Cellphones, like many digital devices, can be hijacked. It happened to Jack Dorsey, CEO of Twitter, other celebrates, and many ordinary people. So how does cellphone hacking happen and, more importantly, how do you protect yourself from an attack?
The Subscriber Identity Module (SIM) inside a smartphone is used to uniquely identify its owner. A mobile phone service provider uses the SIM, among other things, to seamlessly port a telephone number to a new device. This feature is, normally, used when someone lost a phone, had it stolen, or when they are switching services to a new phone.

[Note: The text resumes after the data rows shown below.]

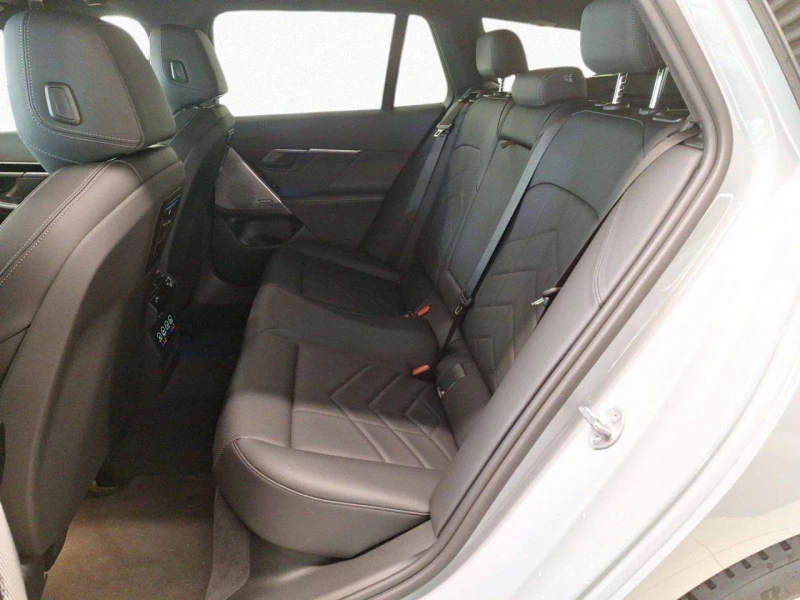 BMW 520 d TOURING M-SPORT PAKET H/K HEAD UP LED 360CAMERA , снимка 13 - Автомобили и джипове - 51526850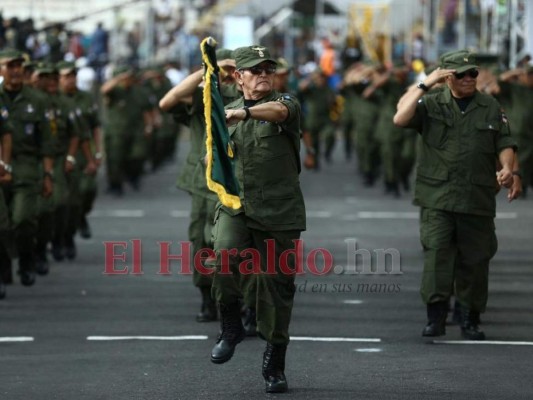 FOTOS: Patriotismo y alucinante ambiente en desfiles 2019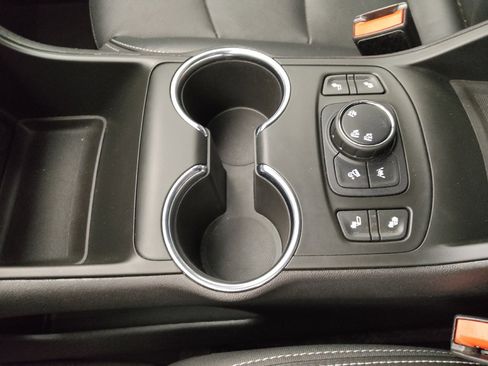 Used 2022 GMC Terrain SLT image 26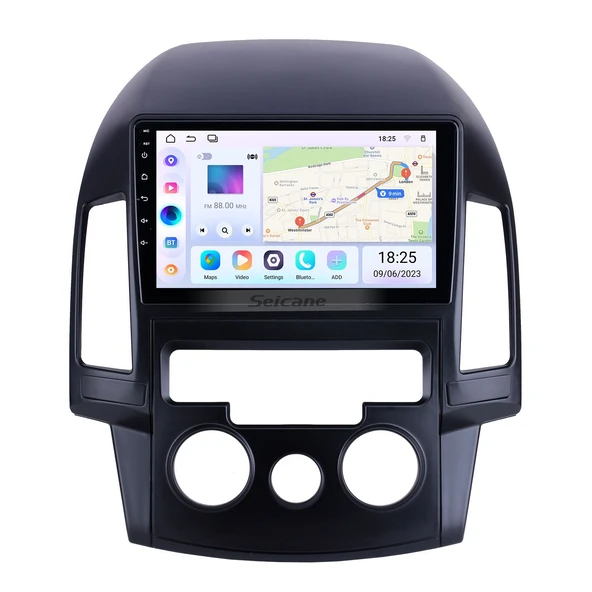 Navigold HYUNDAI İ30 M/C 2009-2012 MULTİMEDYA NAVİGASYON USB KAMERA CARPLAYER 6 RAM ürün görseli 1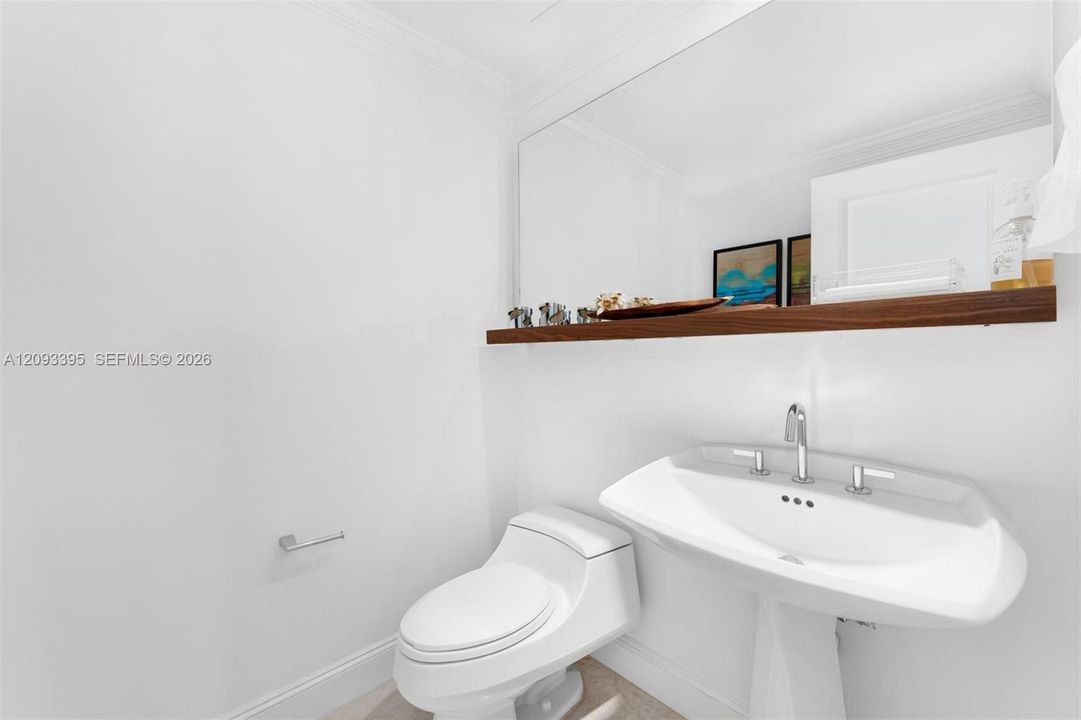 For Sale: $3,975,000 (3 beds, 4 baths, 3093 Square Feet)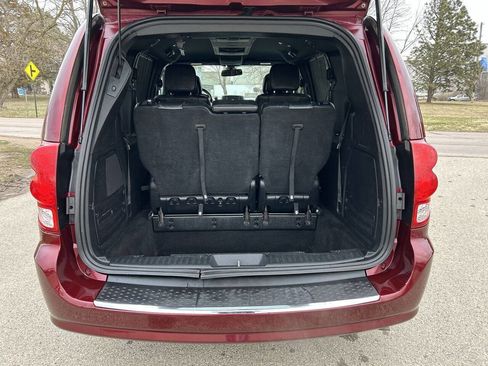 Used 2019 Dodge Grand Caravan GT image 25
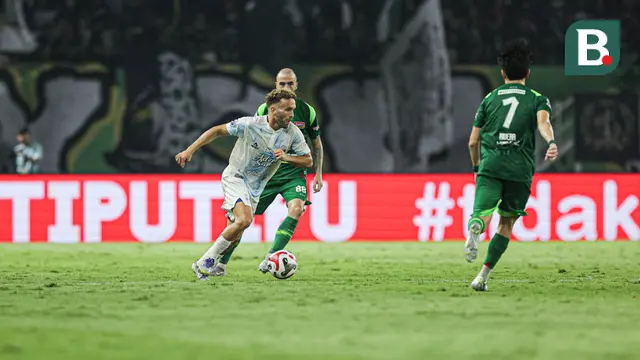Pemain PSIM Yogyakarta, Ze Valente saat timnya bertanding melawan Persebaya Surabaya pada BRI Super League 2025/2026 di Stadion Gelora Bung Tomo, Surabaya, Jumat (8/8/2025). (Bola.com/Abdul Aziz) 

Scams start with criminals gathering personal details about the victim – usually the result of phishing or spear phishing attacks – buying them on the dark web or gathering the information from acquaintances. Once the criminal has obtained enough personal information, they then contact the victim's mobile telephone provider and convince them to port the victim's phone number to their SIM. For example, they might impersonate the victim by using personal details to appear authentic or claiming that they’ve lost their phone. In some countries, the mobile service operator will approve the SIM swap by just pressing “1” in the automated application.

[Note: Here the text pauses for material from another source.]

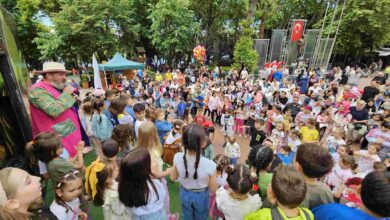 Çınarlık Meydanı’ndaki Çocuk Şenliği’ne Yoğun İlgi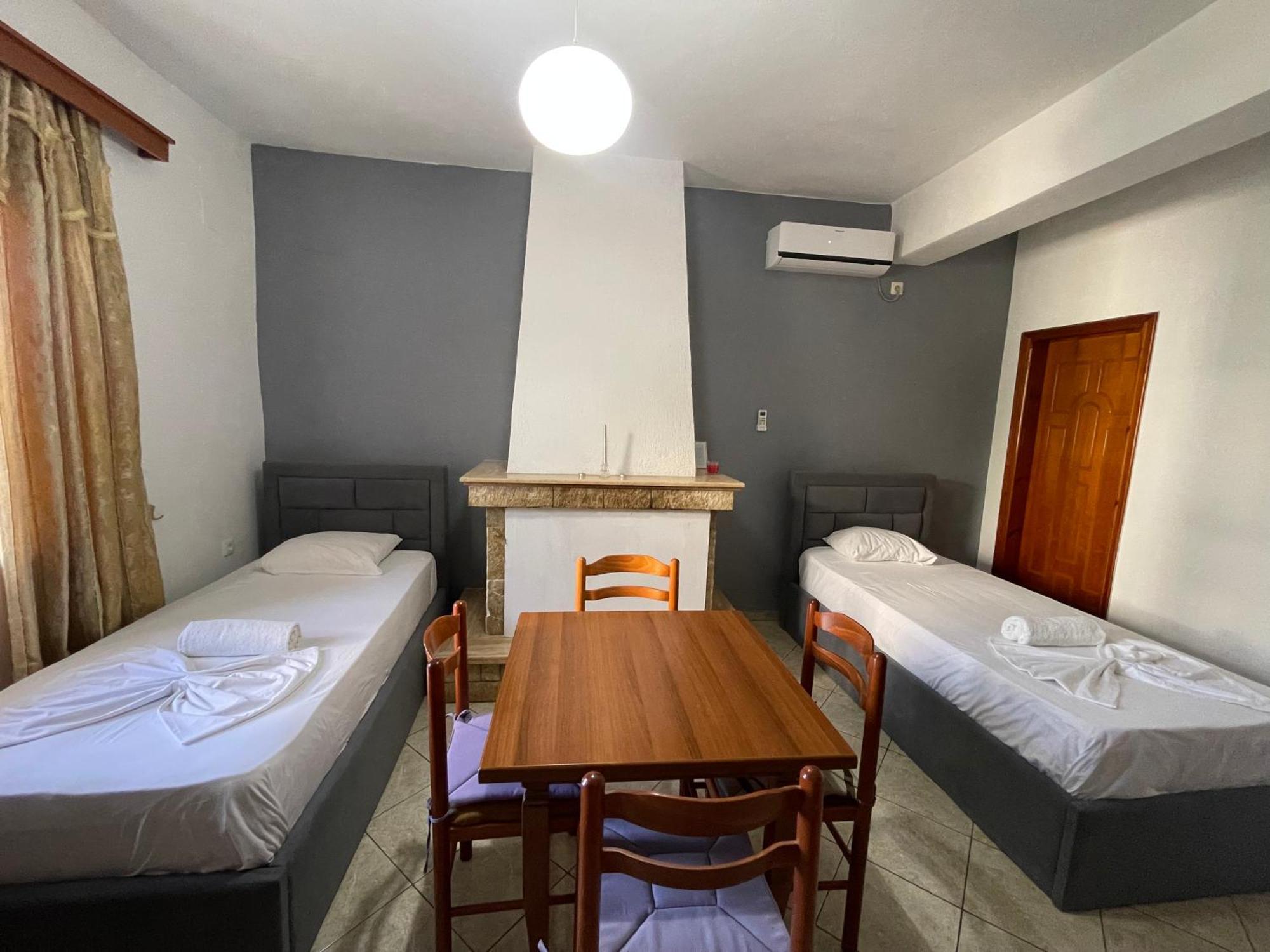 Guesthouse Dollomaja Ksamil Luaran gambar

Once this happens, the victim's phone will lose connection to the network, and the criminal will receive all the SMS and voice calls intended for the victim. This allows the criminal to intercept any one-time passwords sent via text or telephone calls to the victim, thus circumventing security features of accounts (bank accounts, social media accounts, etc.) that rely on text messages or telephone calls for authentication.

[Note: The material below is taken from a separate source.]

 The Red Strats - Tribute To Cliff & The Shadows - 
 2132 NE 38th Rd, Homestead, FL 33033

The U.S. Department of Homeland Security is recommending that government agencies and enterprises stop using SMS for sensitive communication. SMS can be exploited by criminals and nation-state actors. SMS isn’t encrypted, and there are other ways to gleam SMS messages besides SIM swapping, including bribed telephone employees and government agencies who monitor communications.
Enterprise Unified Communication and Collaboration (UC&C) applications don’t have Military Grade security built into them. Enterprises and government agencies should provide additional security capabilities for the UC&C workstreams that need ultra-security. One use case is providing an ultra-secure out of band communication channel in the event of a cyber-security breach. There is no sense in having the cyber-criminals listening in on the remediation plans.